• [PROVIDED RECORDS]
::::::::

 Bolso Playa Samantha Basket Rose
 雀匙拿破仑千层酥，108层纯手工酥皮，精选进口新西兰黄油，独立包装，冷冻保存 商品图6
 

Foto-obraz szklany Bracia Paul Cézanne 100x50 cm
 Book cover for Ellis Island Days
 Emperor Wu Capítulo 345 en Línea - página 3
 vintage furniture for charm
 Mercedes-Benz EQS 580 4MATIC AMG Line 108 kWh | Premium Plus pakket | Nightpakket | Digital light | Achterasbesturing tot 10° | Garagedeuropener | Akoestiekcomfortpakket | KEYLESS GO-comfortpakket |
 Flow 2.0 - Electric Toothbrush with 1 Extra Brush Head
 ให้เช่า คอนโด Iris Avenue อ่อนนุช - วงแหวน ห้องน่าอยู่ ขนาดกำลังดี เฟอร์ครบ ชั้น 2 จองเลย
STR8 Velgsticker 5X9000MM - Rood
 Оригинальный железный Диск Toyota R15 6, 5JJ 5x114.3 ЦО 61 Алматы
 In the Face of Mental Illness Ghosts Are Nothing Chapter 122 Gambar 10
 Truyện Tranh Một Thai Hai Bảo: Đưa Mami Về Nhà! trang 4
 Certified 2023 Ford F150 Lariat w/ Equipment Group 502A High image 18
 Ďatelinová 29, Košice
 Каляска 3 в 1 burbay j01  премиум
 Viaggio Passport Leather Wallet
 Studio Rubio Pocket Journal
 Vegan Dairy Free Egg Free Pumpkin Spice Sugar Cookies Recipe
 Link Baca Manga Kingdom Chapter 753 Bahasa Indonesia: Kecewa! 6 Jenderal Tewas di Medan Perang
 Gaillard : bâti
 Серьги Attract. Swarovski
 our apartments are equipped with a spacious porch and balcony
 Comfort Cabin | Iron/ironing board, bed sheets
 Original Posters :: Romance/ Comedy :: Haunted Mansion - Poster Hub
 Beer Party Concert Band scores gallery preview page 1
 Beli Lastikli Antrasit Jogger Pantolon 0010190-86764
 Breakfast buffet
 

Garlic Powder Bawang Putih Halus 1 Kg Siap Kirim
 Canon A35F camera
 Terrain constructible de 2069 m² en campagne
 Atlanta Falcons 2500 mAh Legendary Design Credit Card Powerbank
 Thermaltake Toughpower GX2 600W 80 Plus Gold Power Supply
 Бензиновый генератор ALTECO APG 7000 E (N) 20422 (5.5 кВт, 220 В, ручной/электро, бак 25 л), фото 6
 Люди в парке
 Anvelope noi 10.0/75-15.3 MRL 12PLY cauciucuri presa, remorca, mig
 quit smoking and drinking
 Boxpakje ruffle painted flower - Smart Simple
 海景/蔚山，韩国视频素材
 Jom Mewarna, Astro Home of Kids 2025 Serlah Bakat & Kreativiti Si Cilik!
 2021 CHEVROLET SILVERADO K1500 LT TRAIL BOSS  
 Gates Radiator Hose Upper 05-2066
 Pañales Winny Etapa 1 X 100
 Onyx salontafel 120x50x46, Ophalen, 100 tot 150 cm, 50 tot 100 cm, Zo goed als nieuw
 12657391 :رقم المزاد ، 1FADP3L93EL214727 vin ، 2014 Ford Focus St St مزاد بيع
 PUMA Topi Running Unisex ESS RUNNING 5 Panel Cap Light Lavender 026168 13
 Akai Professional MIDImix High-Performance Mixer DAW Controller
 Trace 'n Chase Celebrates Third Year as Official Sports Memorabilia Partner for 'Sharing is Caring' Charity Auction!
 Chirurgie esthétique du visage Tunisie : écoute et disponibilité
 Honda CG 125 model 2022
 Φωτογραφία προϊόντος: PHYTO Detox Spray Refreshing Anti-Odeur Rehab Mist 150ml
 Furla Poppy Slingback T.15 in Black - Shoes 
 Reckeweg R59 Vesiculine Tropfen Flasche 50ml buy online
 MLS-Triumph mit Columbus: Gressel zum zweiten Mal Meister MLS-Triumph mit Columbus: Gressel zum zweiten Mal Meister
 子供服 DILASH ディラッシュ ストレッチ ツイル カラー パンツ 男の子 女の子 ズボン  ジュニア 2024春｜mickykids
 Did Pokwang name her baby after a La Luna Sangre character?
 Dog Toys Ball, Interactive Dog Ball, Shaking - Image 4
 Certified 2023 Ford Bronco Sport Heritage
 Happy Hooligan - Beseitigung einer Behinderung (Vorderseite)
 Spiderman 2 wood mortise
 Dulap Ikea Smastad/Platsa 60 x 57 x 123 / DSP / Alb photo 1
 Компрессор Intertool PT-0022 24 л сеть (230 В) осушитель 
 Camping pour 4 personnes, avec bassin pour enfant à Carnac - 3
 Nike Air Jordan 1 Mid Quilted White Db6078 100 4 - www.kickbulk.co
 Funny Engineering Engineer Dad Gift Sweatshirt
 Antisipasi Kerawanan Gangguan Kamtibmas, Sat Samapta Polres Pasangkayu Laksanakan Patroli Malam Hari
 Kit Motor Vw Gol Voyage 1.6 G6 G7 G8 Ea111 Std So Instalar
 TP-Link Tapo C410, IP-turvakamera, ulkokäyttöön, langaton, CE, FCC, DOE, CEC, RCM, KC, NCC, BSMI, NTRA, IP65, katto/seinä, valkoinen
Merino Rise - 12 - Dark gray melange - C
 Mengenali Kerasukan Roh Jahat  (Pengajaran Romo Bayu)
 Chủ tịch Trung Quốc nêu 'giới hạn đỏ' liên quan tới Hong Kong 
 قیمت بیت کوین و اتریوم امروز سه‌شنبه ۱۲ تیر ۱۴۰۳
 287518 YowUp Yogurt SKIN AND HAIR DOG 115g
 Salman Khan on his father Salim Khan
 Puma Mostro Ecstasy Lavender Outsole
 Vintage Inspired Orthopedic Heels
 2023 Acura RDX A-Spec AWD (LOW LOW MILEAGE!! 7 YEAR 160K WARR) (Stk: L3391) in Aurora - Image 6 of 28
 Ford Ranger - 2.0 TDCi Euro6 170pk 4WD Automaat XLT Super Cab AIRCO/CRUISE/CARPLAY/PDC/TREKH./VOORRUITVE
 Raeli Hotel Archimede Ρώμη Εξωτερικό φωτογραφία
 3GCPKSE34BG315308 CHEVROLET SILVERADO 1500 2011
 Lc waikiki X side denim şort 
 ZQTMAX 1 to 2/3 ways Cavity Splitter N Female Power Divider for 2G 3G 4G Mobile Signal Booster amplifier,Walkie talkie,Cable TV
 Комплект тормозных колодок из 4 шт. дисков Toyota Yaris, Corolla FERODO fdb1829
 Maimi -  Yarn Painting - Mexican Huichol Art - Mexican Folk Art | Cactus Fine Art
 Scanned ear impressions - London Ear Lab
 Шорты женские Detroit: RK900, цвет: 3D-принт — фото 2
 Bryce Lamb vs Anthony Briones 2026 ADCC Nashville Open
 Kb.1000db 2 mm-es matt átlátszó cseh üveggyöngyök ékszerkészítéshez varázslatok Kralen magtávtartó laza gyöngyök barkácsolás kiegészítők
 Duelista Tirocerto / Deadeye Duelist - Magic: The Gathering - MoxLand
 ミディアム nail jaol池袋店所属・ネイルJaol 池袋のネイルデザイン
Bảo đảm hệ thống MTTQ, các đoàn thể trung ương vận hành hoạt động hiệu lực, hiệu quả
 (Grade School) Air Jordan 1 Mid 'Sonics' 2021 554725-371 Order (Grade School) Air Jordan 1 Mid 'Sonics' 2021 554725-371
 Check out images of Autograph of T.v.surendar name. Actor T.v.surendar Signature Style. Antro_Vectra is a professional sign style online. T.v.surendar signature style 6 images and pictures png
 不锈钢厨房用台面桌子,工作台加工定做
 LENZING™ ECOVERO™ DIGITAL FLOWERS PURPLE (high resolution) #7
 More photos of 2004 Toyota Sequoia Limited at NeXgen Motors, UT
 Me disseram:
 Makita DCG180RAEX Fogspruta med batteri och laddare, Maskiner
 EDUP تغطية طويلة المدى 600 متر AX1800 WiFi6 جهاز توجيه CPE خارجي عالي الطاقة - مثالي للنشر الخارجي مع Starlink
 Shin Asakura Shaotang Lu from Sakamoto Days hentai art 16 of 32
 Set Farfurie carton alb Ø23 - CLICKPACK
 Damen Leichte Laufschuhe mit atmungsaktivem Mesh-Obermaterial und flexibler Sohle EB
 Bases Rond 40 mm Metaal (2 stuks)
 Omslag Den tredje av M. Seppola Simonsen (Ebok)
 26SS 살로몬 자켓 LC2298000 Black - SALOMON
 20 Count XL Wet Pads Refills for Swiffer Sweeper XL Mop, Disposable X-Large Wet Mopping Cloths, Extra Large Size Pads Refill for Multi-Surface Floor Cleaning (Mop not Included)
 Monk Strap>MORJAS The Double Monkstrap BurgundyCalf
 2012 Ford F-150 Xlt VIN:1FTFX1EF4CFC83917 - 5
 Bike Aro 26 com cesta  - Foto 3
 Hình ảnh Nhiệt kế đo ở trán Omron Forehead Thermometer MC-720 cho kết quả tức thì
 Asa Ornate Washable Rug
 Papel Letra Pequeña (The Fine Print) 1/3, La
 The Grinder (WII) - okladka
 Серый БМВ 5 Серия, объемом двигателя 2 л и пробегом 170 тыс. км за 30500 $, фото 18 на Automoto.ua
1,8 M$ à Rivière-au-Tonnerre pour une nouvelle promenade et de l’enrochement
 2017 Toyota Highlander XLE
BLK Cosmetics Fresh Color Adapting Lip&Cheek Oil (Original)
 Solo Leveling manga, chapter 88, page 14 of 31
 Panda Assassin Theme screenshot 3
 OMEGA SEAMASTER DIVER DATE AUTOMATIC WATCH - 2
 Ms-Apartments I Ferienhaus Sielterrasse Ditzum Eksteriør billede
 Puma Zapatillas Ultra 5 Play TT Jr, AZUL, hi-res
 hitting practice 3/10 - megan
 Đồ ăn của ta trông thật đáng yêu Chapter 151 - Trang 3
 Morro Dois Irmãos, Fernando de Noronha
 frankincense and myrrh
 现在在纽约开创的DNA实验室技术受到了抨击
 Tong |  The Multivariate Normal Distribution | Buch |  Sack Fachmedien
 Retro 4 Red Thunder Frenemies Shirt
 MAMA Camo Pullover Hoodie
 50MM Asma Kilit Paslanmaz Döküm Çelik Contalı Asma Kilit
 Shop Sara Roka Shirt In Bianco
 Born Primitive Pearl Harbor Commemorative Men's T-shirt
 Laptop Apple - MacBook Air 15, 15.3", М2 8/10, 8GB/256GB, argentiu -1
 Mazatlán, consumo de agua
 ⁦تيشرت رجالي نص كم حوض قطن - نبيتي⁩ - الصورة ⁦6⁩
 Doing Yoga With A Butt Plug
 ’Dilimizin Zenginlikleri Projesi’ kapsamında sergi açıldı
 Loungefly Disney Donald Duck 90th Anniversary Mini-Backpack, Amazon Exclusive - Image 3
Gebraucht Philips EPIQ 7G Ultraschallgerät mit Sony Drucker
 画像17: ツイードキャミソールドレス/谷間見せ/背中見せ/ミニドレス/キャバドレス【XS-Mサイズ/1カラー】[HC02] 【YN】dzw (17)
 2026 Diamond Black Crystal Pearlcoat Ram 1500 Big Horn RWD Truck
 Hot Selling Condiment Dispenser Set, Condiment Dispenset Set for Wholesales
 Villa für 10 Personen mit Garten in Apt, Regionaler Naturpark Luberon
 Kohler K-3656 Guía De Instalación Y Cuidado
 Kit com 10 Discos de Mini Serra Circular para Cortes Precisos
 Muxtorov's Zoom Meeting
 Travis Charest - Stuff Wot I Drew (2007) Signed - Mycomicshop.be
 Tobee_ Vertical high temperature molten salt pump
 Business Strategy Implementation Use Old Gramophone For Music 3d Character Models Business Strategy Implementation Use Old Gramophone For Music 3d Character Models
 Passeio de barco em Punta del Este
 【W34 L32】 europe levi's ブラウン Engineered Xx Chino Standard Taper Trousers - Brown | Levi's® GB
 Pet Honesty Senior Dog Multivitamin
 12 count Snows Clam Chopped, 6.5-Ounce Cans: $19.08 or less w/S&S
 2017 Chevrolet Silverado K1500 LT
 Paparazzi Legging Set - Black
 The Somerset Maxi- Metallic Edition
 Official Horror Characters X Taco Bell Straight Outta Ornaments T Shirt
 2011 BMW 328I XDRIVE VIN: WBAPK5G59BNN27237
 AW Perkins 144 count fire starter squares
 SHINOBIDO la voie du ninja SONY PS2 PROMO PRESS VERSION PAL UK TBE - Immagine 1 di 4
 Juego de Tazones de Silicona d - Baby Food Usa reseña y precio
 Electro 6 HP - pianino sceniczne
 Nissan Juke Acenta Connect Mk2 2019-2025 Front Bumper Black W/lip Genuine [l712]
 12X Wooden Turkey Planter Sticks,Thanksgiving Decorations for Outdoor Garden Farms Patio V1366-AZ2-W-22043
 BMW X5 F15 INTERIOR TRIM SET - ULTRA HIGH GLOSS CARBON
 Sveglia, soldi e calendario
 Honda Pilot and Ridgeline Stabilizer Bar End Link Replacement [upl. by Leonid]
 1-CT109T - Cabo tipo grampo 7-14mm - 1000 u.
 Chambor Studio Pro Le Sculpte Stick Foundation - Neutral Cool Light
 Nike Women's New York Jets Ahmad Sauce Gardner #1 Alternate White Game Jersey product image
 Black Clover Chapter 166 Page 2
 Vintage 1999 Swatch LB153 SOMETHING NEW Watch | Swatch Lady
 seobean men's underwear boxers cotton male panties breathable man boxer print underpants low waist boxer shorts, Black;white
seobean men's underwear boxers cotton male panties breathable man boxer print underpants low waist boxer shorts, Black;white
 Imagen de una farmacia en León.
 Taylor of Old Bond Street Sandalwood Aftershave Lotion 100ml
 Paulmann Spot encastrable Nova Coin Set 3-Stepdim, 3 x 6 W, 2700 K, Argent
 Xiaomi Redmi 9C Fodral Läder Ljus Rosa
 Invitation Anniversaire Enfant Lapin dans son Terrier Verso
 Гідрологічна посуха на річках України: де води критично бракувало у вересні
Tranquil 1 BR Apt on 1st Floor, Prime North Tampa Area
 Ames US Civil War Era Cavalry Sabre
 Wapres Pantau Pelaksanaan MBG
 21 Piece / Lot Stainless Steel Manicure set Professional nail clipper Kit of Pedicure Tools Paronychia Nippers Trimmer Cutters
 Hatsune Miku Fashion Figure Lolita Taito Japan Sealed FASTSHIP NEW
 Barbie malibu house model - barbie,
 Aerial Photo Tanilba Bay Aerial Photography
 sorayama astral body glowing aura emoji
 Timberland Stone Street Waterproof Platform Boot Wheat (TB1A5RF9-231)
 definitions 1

::::::::

• [YOUR GOAL] Find each line above that contains "Certified", and copy those lines.

• [RESULT OF THE TASK]
 Certified 2023 Ford F150 Lariat w/ Equipment Group 502A High image 18
 Certified 2023 Ford Bronco Sport Heritage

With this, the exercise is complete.